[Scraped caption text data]
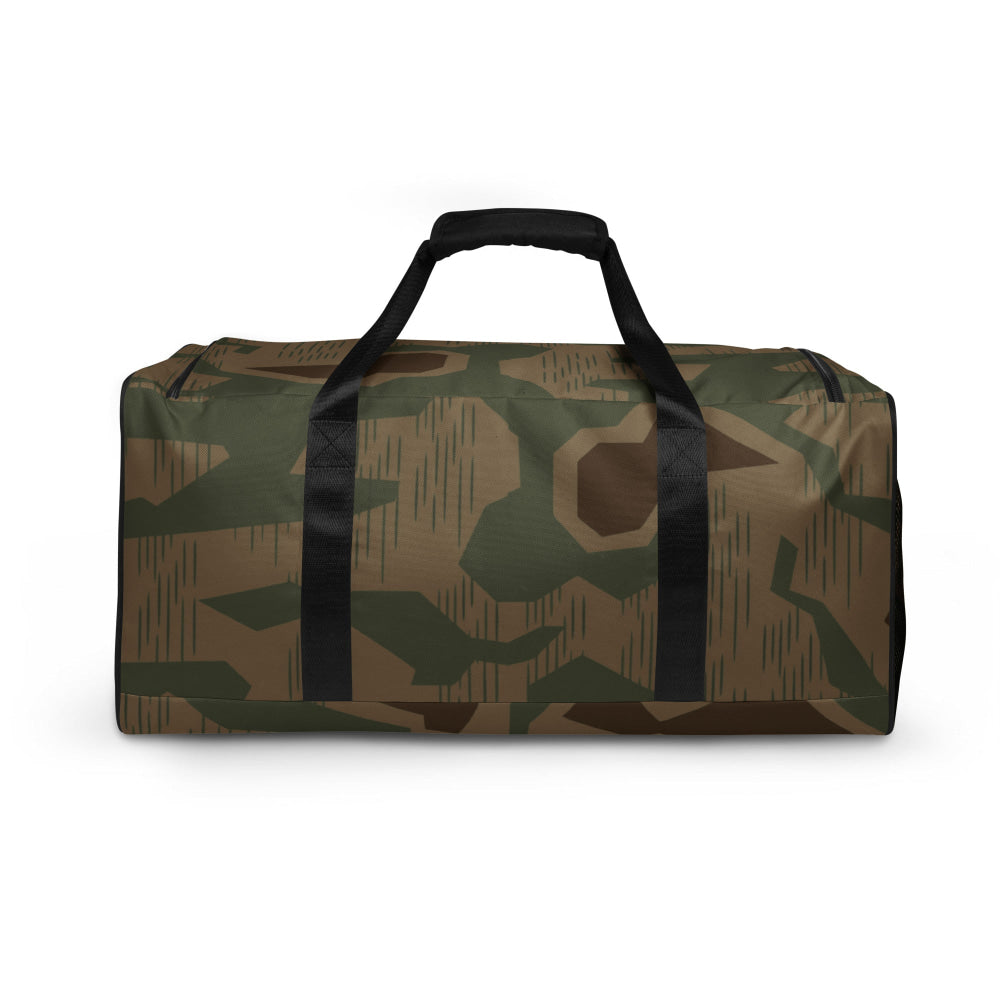 German WW2 Sumpfmuster 43 CAMO Duffle bag - Bag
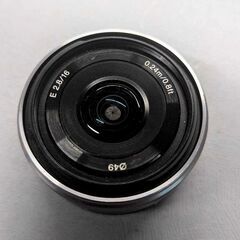 SONY A6000 と複数のレンズ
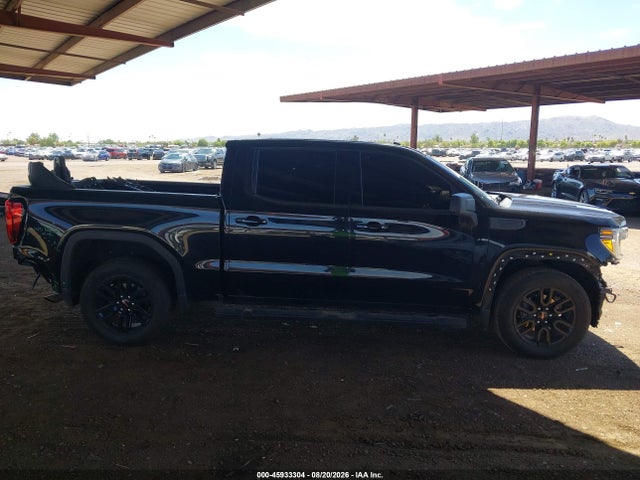 1GTP8CEK9MZ138480 GMC Sierra 1500 2wd Short Box Elevation
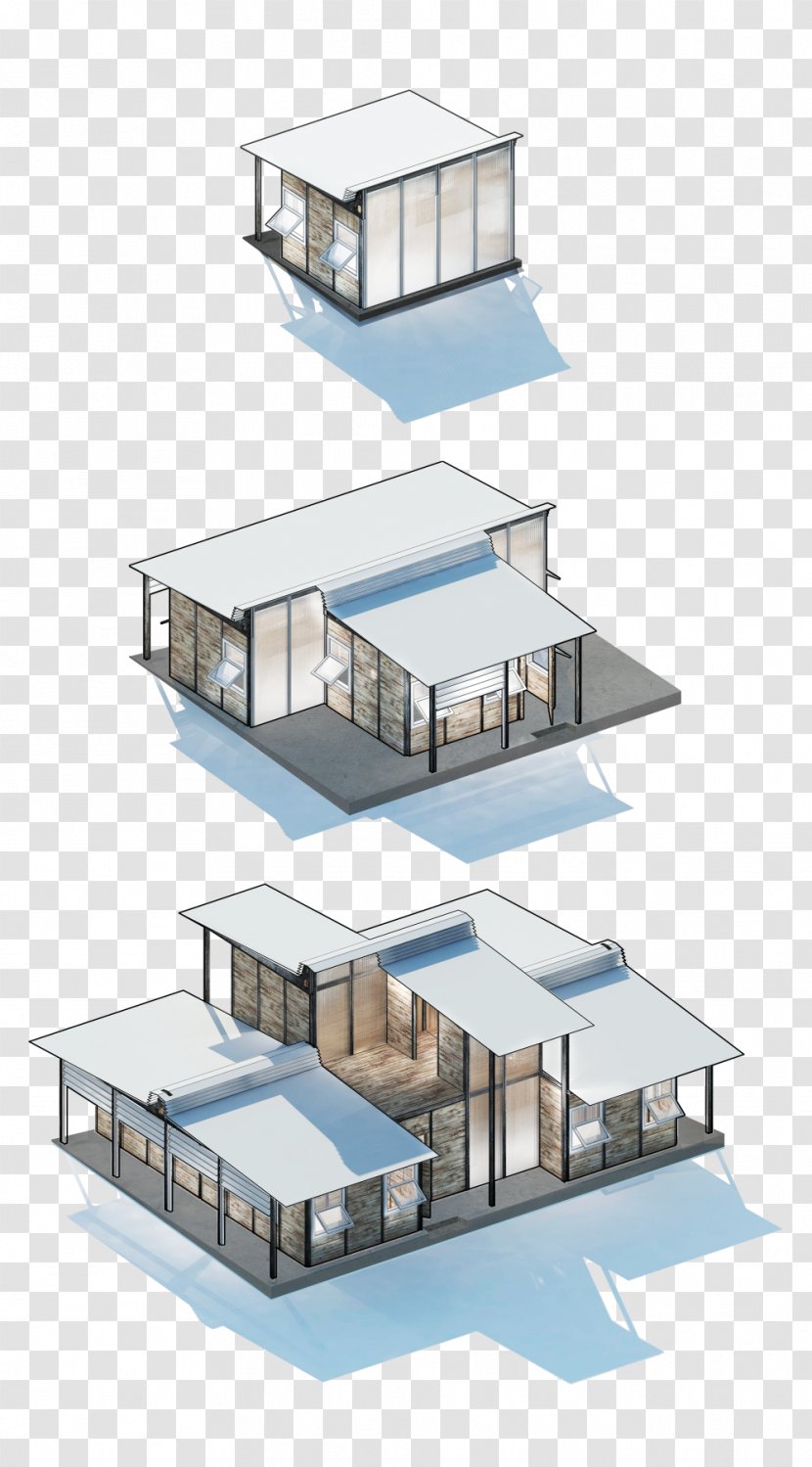 Architecture Commercial Building House Facade - Papers Transparent PNG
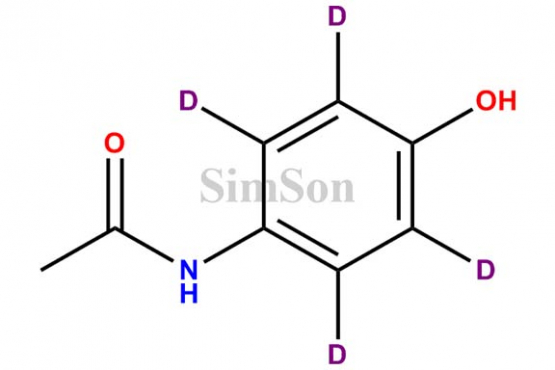 Paracetamol-D4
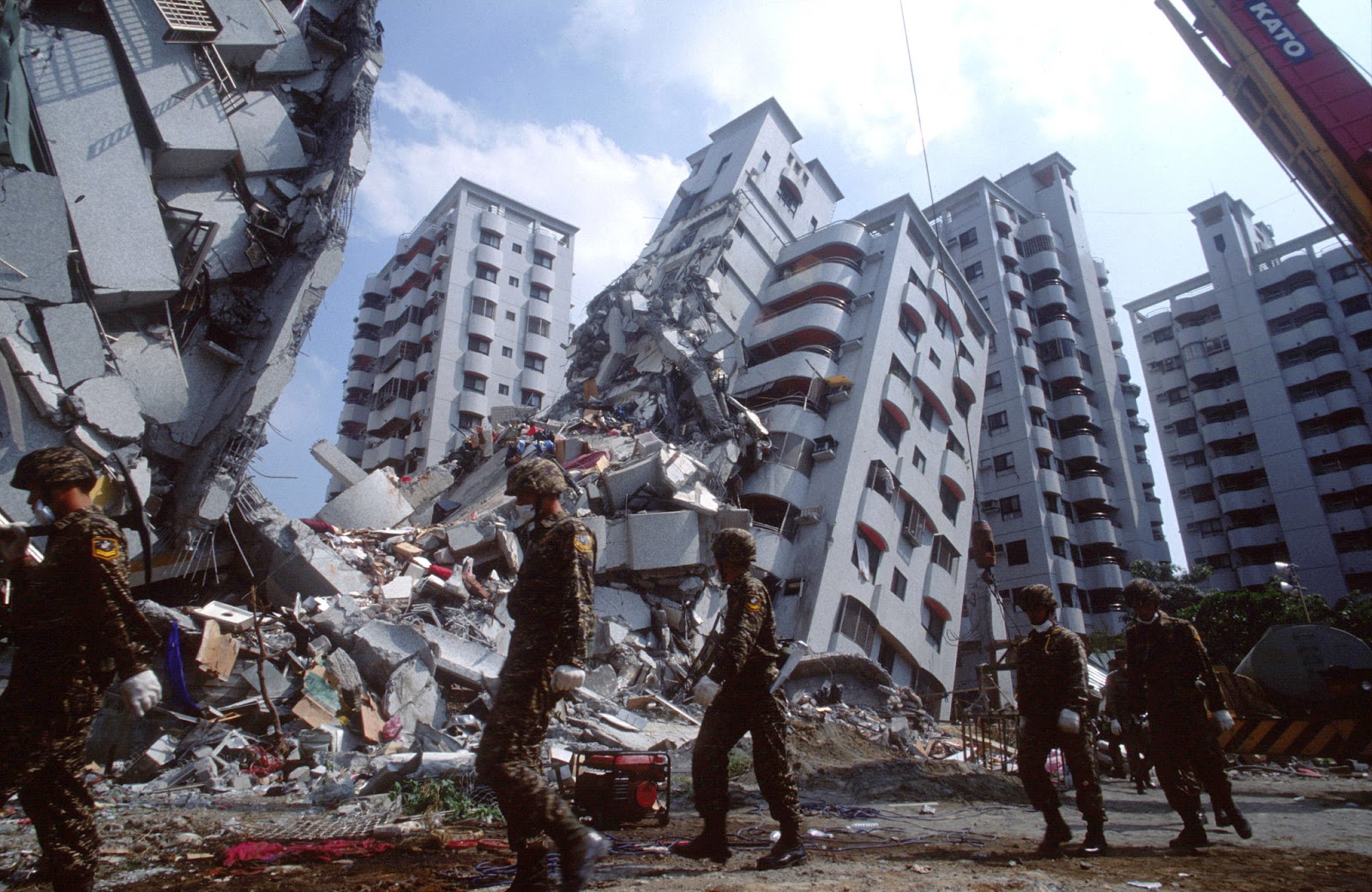 Survive the Crisis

= ACTIVITY =
Set down the entries shown above once more, exactly as they read, but without pictures.

= ANSWER AREA =
 German WW2 Sumpfmuster 43 CAMO Duffle bag - Bag
 SONY A6000 と複数のレンズ
 1GTP8CEK9MZ138480 GMC Sierra 1500 2wd Short Box Elevation
 Architecture Commercial Building House Facade - Papers Transparent PNG
 Paracetamol-D4
 Survive the Crisis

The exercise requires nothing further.